As an inexpensive game to encourage amiibo card trading it sounds good though. Let's see how it's marketed.
@aaronsullivan - "invite you to the amino planning board at Nintendo"
If they did invite me I wouldn't go, I've seen Goodfellas.
I already put money down on it, it looks cute and I remember having more fun, designing my SIMS house, then I did playing with the people.
Ehhhh....I almost feel used. Between this and the soulless Animal Crossing Party, where both almost demands you to buy cards and figurines in order to fully enjoy the game you paid full price for. It feels so transparent, and I'm not gonna pretend that Nintendo is a heartfelt charity - of course they're here to make money.

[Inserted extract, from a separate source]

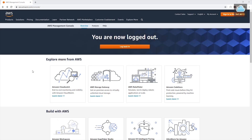Hello and welcome to another lecture. In this lecture, we are going to look at some security best practices on how to protect our account and we will cover this topic.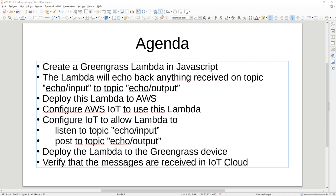In this tutorial we will create a Greengrass Lambda that will listen to MQTT topics. It will listen to the topic echo input and echo back the exactly same content into echo output. And it will be done in JavaScript.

But it always felt fair before all this, like I was valued and respected as a customer. Now it feels as though they're insulting my intelligence and trying to fleece me by putting the bare minimum and slapping on a recognized title.
I'm not saying that I won't buy it, but I'm gonna wait a few months after the US release. Gonna see some reviews, gonna watch some youtube vids. Because, what I'm seeing so far barely sounds like a game (no grading system???). There seems to be a lot of unsure people who are going full steam anyway, because of brand loyalty. Please don't do that. Actions like that will only encourage them to continue their attempts to charge us twice for half the product.
...with all of that being said, it would be interesting if they implant the building customization and town decorations into future Animal Crossing games.